SUMMARY: Data Access Exception

From: David Beard (beard@spam.ua.oz.au)
Date: Wed Jul 24 1991 - 16:10:56 CDT


The original problem:

I was having trouble getting a SparcStation 1+ to boot after attempting to
upgrade from SunOS 4.0.3 to SunOS 4.1.1.

On powerup, the machine displays the SUN logo, and the ROM revision (1.3).
It also passes the "testing" stage.
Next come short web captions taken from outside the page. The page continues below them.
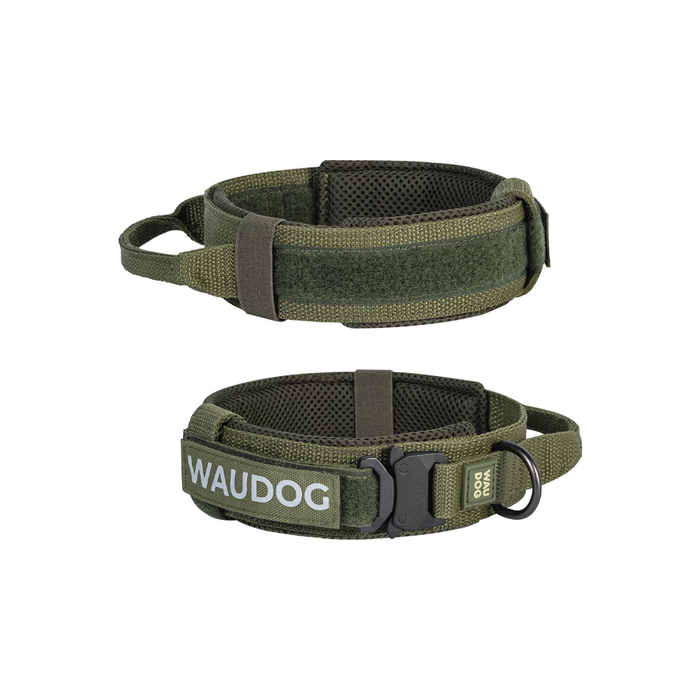 WAUDOG PRO Kaelarihm Koerale Käepidemega, Metallklamber, Khaki, M 50 mm x 38–47 cm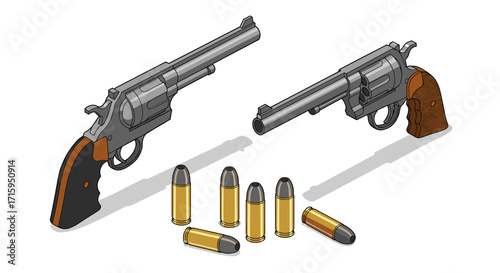Detailed isometric view of classic revolvers and bullets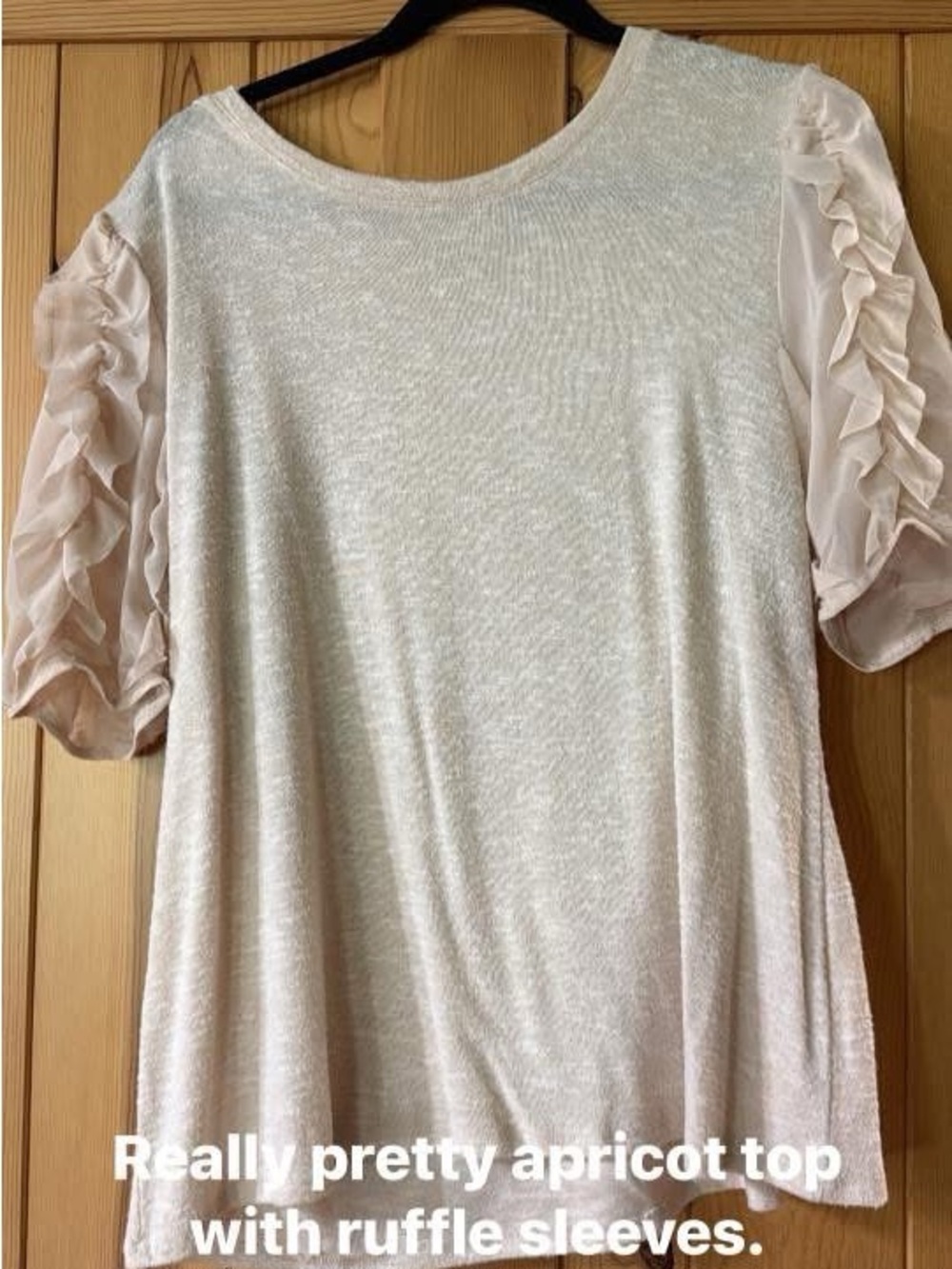 Apricot Ruffle Sleeve Women's Top
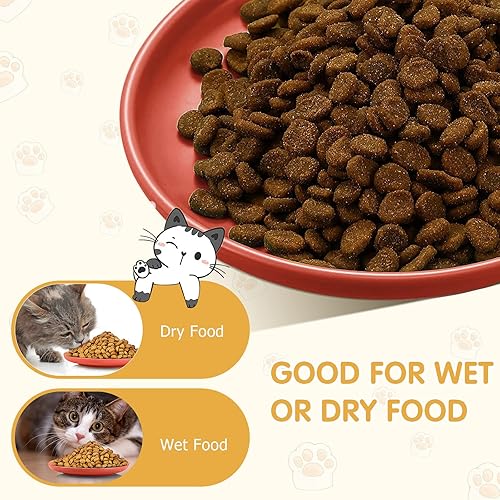 Miniatura 4 de kymqlyw 4 cuencos para aliviar la fatiga con bigotes para gatos, plato de comida poco profunda para gatos de 6 pulgadas, cuencos de alimentación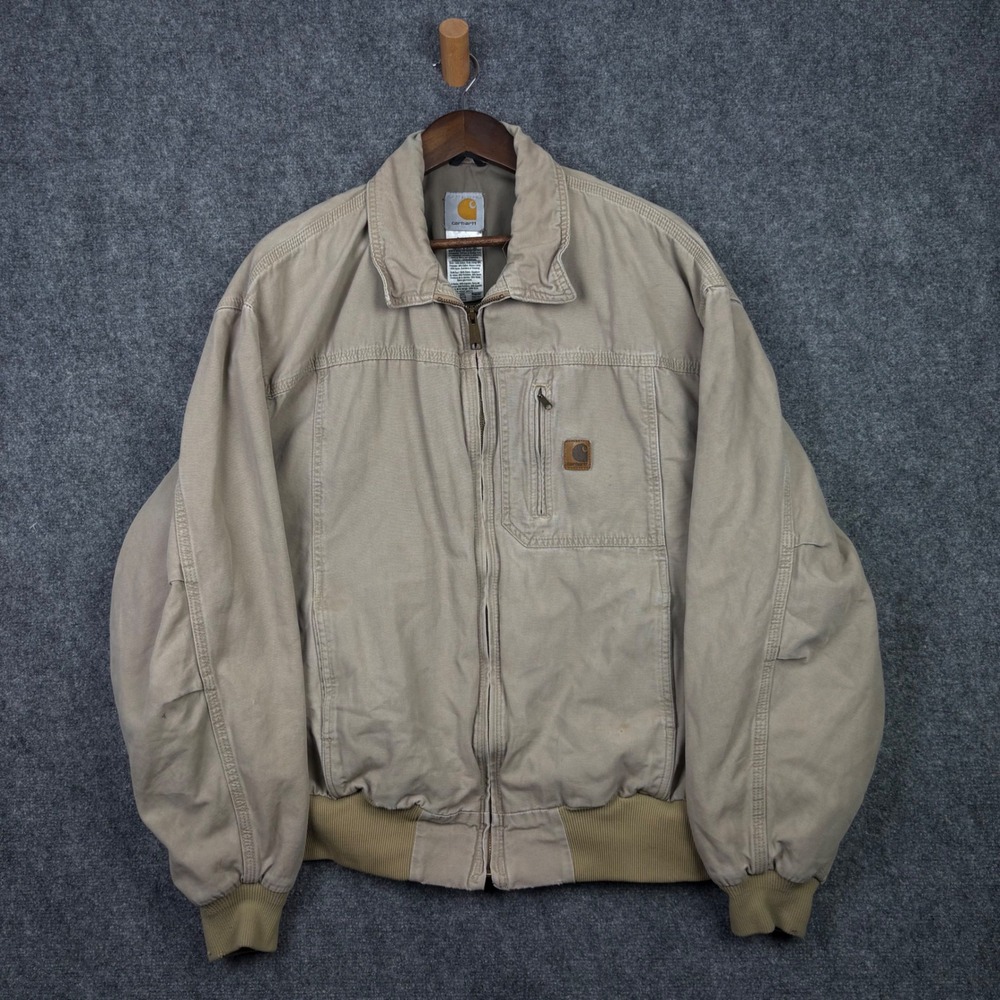 Carhartt Jacket Mens 2XL Khaki Sandstone Twill J163 GKH Workwear Bomber Coat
Next it says
Booting from sd(0,0,0)vmunix
Data Access ExecptionType b (boot), c (continue). or n (new command mode)

The cause:

Seems to have been an incorrectly configured external scsi disk which was
trashing the internal disk.

Isolating the problem:

Disconnect all the external scsi devices except the cd-rom drive. Make sure the
device is properly terminated and that the cables are seated firmly. Boot from
the cd, install mini-root, boot from mini-root etc etc. If everything goes ok,
shutdown, and connect another scsi device, and try rebooting from sd(0,0,0).
Keep adding the scsi devices until something stops working :-). I ran into my
problems the moment I connected both Wren VII's.

Fixing the problem:

Taking the Wren VII's out of their cosy little enclosures and fiddling with the
drive numbers and the terminations seems to have fixed the problem. (Although
the disks are actually set up exactly as they were when they were connected to
the SS1+ running 4.0.3!).

Thanks for very quick and helpful responses from :
  earl@division.cs.columbia.edu (Earl Smith)
  jmcrowell@ucdavis.edu (John M. Crowell)
  matt@wbst845e.xerox.com (Matt Goheen)
  johnb@edge.CIS.McMaster.CA (John Benjamins)
  alexl@daemon.cna.tek.com (alex;923-4483)
  deltam!flyer!mark@murtoa.cs.mu.oz@uunet.uu.net (mark galbraith)
  synergy!sun!Aus!kevins@Sun.COM (Kevin Sheehan {Consulting Poster Child})
  sdb%hotmomma@uunet.UU.NET (Scott Ballantyne)
  rcsmith@anagld.analytics.com (Ray Smith)
  kevinmac@ll.mit.edu (Kevin McElearney (x3556))
Apologies if I've missed anyone.

Other useful suggestions:
It appears that this sort of error can happen for any number of reasons.
I've quoting and paraphrased some of the above responses.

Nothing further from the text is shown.